• [Work required] Please give every line below again exactly, but not its pictures.

══ Available data ══

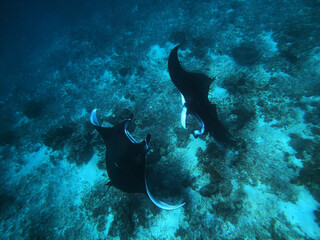 two oceanic manta rays circling each other and eating planktion - obrazy, fototapety, plakaty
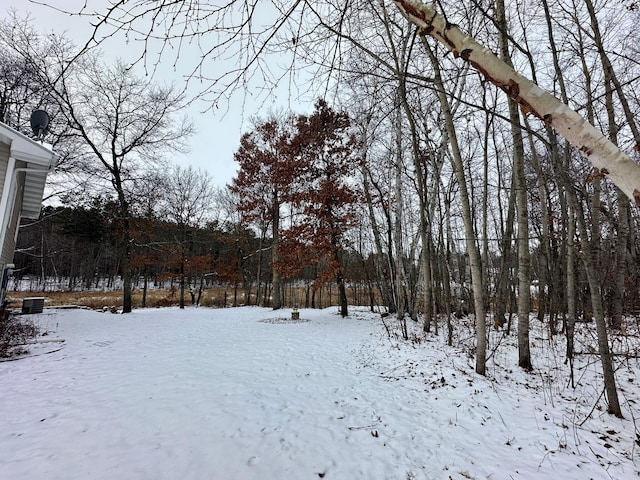 view of yard layered in snow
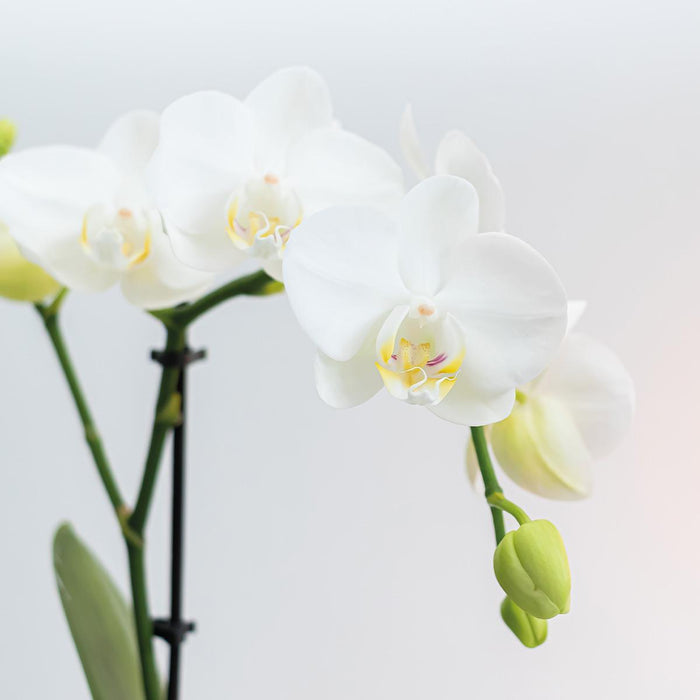 Planten set Inner Retreat - Set met witte Phalaenopsis Orchidee Amabilis  Ø9cm en groene plant Rhipsalis Ø6cm en Bamboo plate oval - met witte keramieken sierpotten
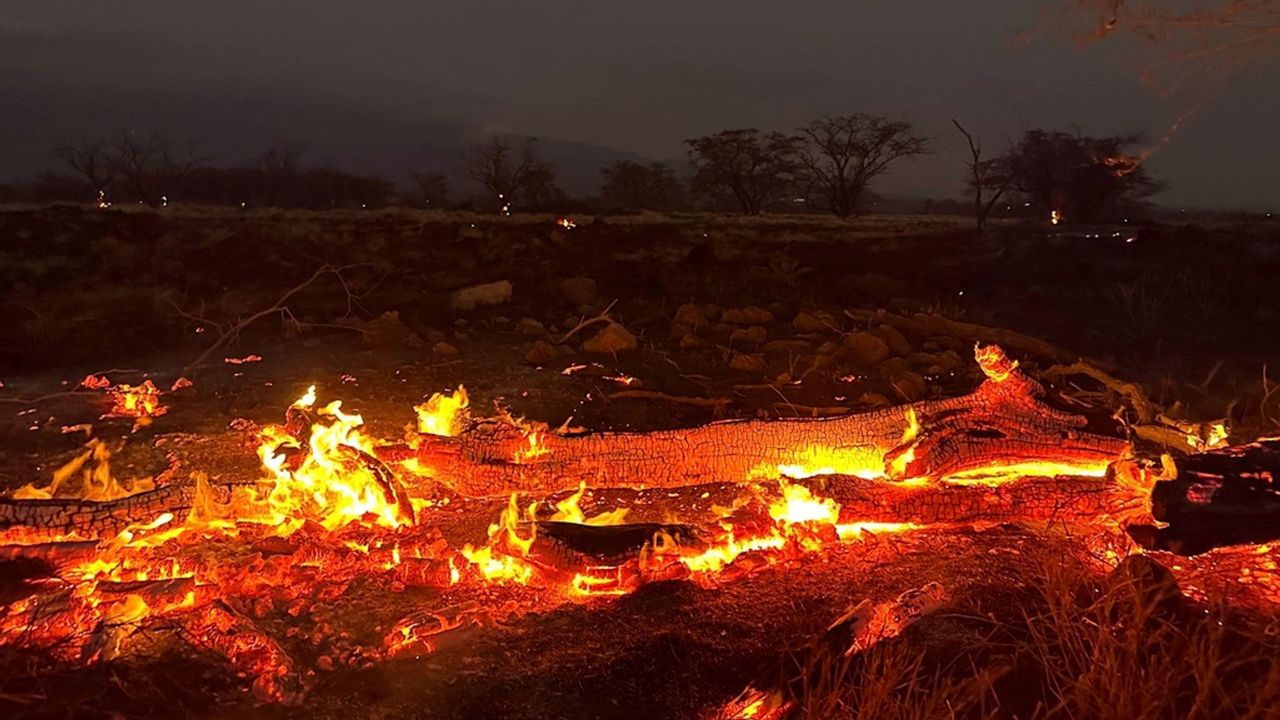 Hawaii wildfires: At least 89 people have died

═══

• [Output]
 two oceanic manta rays circling each other and eating planktion - obrazy, fototapety, plakaty
 view of yard layered in snow
 Planten set Inner Retreat - Set met witte Phalaenopsis Orchidee Amabilis  Ø9cm en groene plant Rhipsalis Ø6cm en Bamboo plate oval - met witte keramieken sierpotten
 Hawaii wildfires: At least 89 people have died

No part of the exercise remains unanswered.